# Input for this task

────────────────

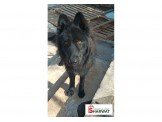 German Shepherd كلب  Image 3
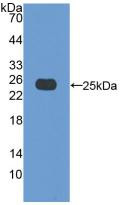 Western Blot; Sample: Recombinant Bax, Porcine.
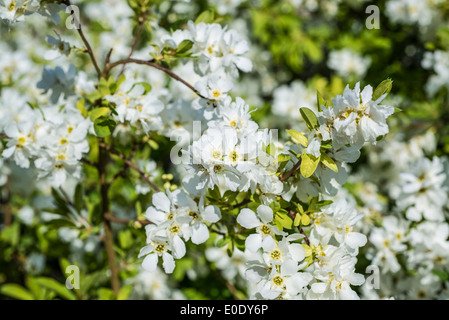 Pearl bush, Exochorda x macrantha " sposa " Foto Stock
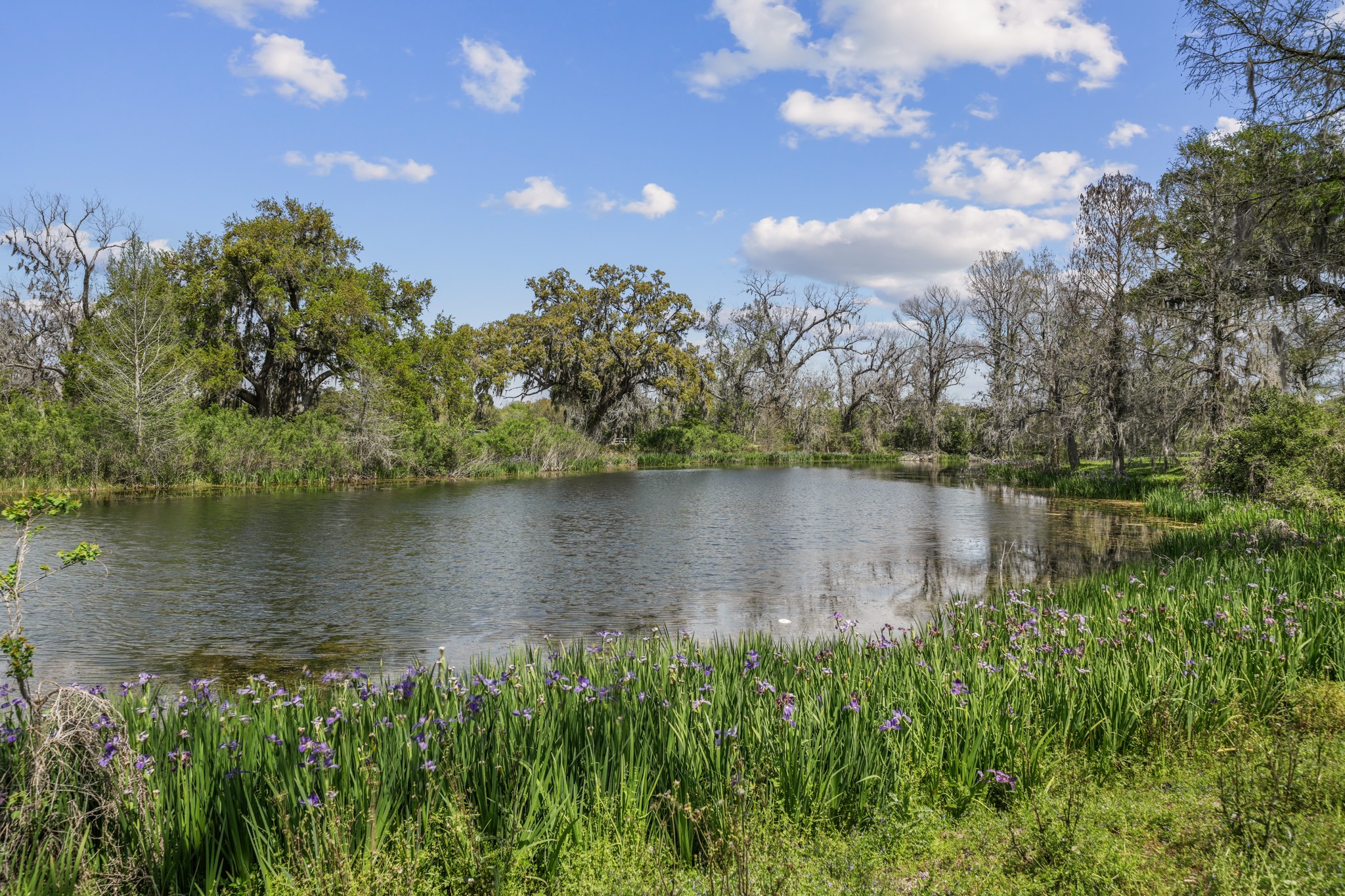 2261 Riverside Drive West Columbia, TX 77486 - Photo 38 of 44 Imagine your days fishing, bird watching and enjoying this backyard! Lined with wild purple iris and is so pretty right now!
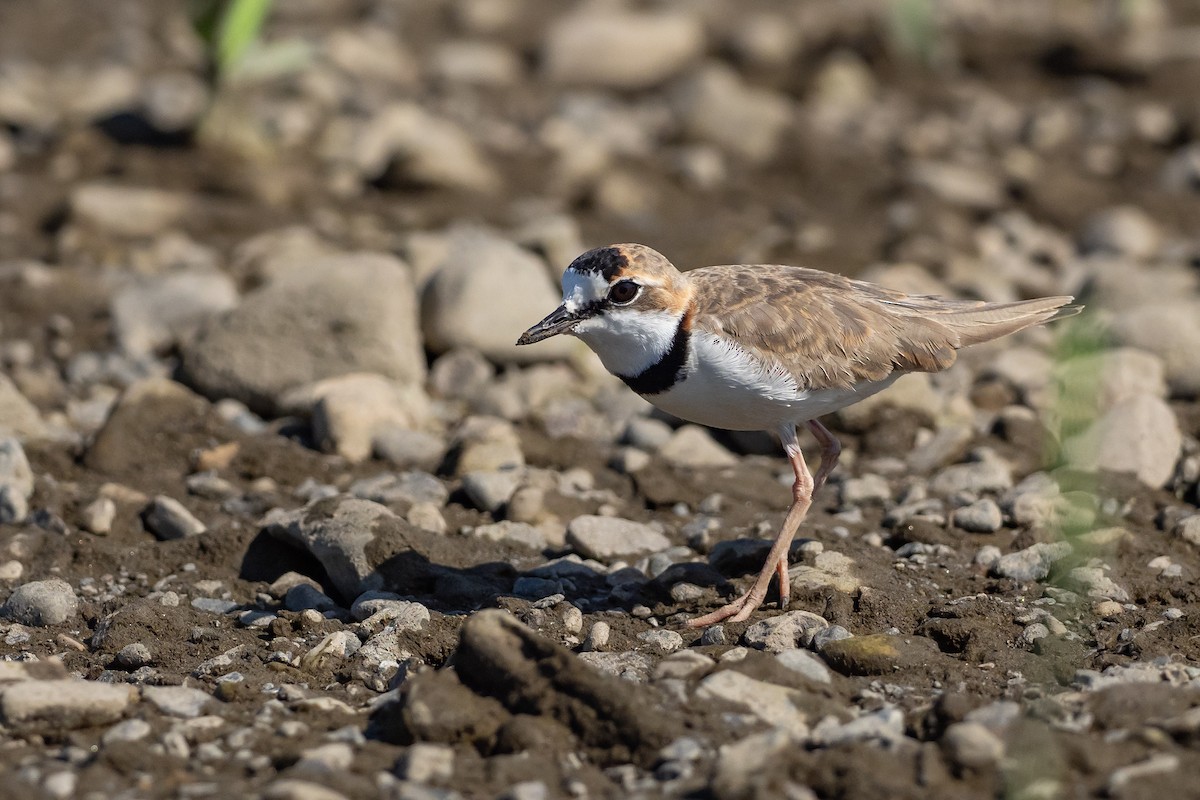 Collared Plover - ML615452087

────────────────

# Your task
One exact copy of the data is required, and it should hold no pictures.

# Response
 German Shepherd كلب  Image 3
 Western Blot; Sample: Recombinant Bax, Porcine.
 Pearl bush, Exochorda x macrantha " sposa " Foto Stock
 2261 Riverside Drive West Columbia, TX 77486 - Photo 38 of 44 Imagine your days fishing, bird watching and enjoying this backyard! Lined with wild purple iris and is so pretty right now!
 Collared Plover - ML615452087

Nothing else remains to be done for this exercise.